According to tutorials all across the internet, all you need for this project is a pot, some sort of glass container that fits inside said pot, crayons, coconut oil, something to pick up a hot glass container with and a container to hold your lipstick.

I’d like to add here that many of the tutorials I saw included pretty palettes of pinks and reds, but I figured if I was going to make lipstick from crayons, I wanted it to look like lipstick made from crayons. I’m talking unusual colors. Bold.

After filling the bottom of the pot with about an inch of water, I set my glass container (a mason jar) inside it and set my makeshift double-boiler on a fairly low temperature on the stove.

I then broke up my first chosen crayon — purple — so the pieces would fit in the bottom of the mason jar, measured out what I thought was half a teaspoon of coconut oil, mixed the two ingredients together and waited for them to melt. I’ll give you a hint on the coconut oil: It definitely was not half a teaspoon. It was maybe a quarter. Maybe.

When the two ingredients melted together, I poured the liquid into my Carmex jars using tongs and then an oven mitt to keep me from burning myself on the hot glass of the mason jar. Then I waited.

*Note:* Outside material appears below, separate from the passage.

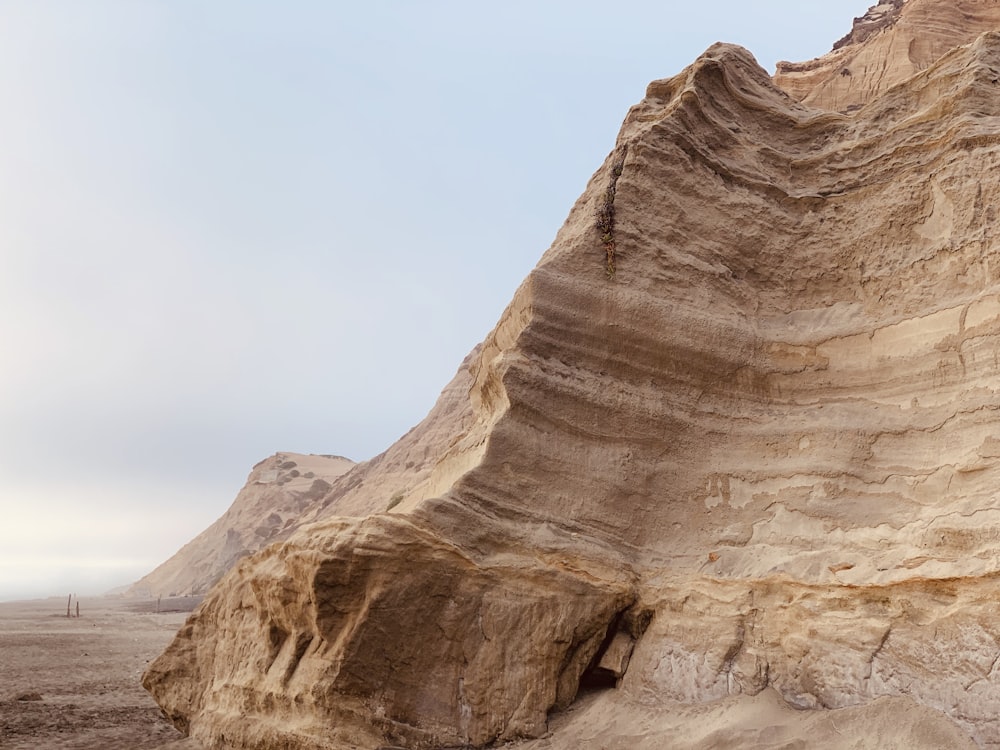 brown rock formation under white sky during daytime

There’s definitely a learning curve with a project like this. It wasn’t until my third attempt that I figured out the best ratio of crayon to coconut oil, and I can’t even really tell you what that ratio is. It’s somewhere around two crayons to every rounded half-teaspoon of oil.

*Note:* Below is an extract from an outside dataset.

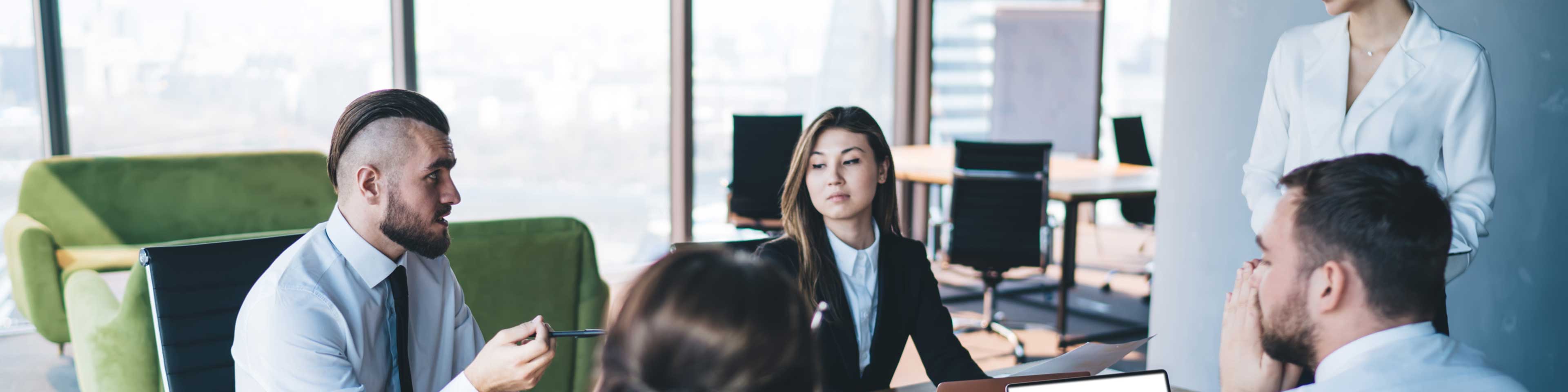 4 people sitting around a desk with one person standing as they discuss things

By no means would I call myself an expert. I would have liked to keep practicing, but a girl can only go through so many jars of Carmex so fast, so I only had five empty containers to work with.

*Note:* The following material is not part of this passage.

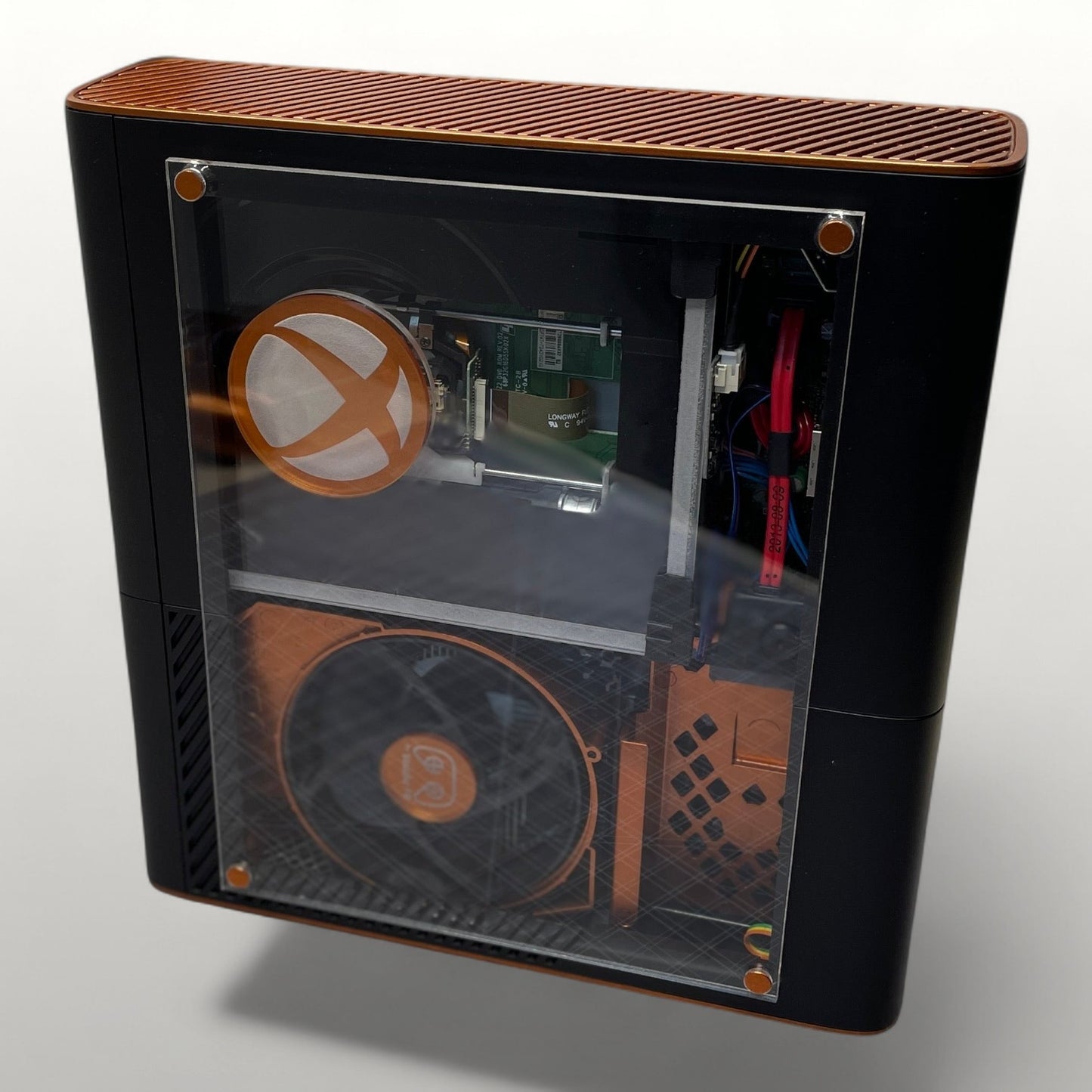 StudioFR custom black and copper Xbox 360E console with clear side panel showing internal components and RGB lighting.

Other things I learned include: Hot crayon wax hardens fairly quickly and will do so while you’re trying to pour it out of a hot glass jar. This is not a clean project at all; if your workstation is a mess, you’re probably doing it right. I thought I remembered peeling crayon labels off as fun, but it’s not.

Rubber tongs don’t mix well with steamy glass jars. If you try using them you might drop your jar back in the pot and suffer from the resultant burns of boiling water splashing everywhere.

You should wait until your lipsticks have hardened to touch them or you might end up with a weird finger-shaped hole right through the middle. It’s also important to let them harden before application because otherwise they harden on your lips and it feels funny and your mouth looks like a crayon.

If you’re a lipstick fanatic, you might not love this DIY unless you figure out how to perfect it. It takes a bit of trial and error to nail it, and even when you think you’ve got it right, you realize it just doesn’t match up to your favorite Sephora brands.

Of the four shades I attempted, one of them is still nothing more than a crayon, only now shaped like a Carmex container (remember the purple one that only had a quarter of coconut oil in it?); one (green) is pretty creamy but the coverage is lacking; another (violet-red plus apricot) is thick enough to apply like regular lipstick but feels almost tacky.

The last one, my favorite (blue-green plus gray), goes on smoothly and has great pigmentation and coverage, yet I’ve seen plenty of higher-quality products. The kicker? Those cost far more than a $2 box of crayons.

I didn’t long-term test any of the colors, so I don’t know how well they stay put over time, but I would suspect they’d fade fairly easily, especially after eating. However, the creation itself is quick, pretty fun, super affordable and so worth the effort.